(Supplied information begins)
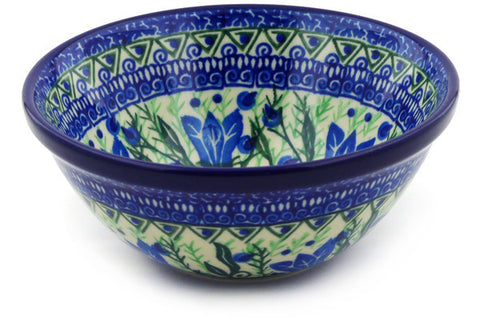 Polish Pottery 5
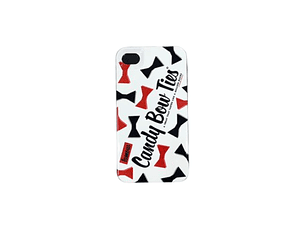 Carcasa Kate Spade Candy 3225800210 Iphone 4/4S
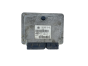 Regeleenheid 036906034BL IAW4LV.AA 61600.562.05 Skoda 61995
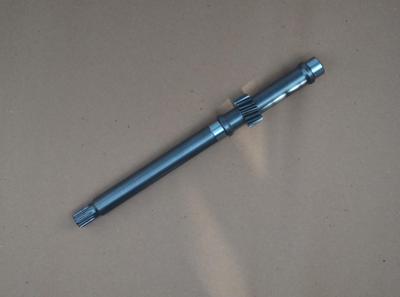 Shaft PTO Drv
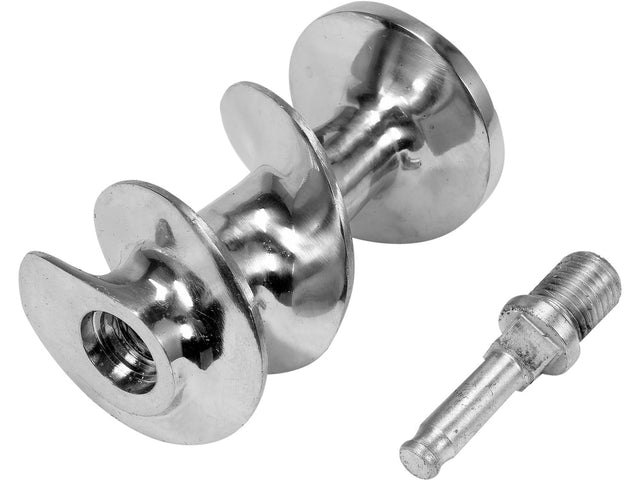 MELC PENTRU MASINA DE TOCAT YG - 03215 Yato YG - 03219 - inox Yato - scule electrice si unelte profesionale - BricoMart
(Supplied information ends)
[Exercise objective] The range to transcribe runs from the line holding "Regeleenheid 036906034BL IAW4LV.AA" through the final line of the data above; copy it exactly and exclude the pictures.

[Output for this task]
 Regeleenheid 036906034BL IAW4LV.AA 61600.562.05 Skoda 61995
 Shaft PTO Drv
 MELC PENTRU MASINA DE TOCAT YG - 03215 Yato YG - 03219 - inox Yato - scule electrice si unelte profesionale - BricoMart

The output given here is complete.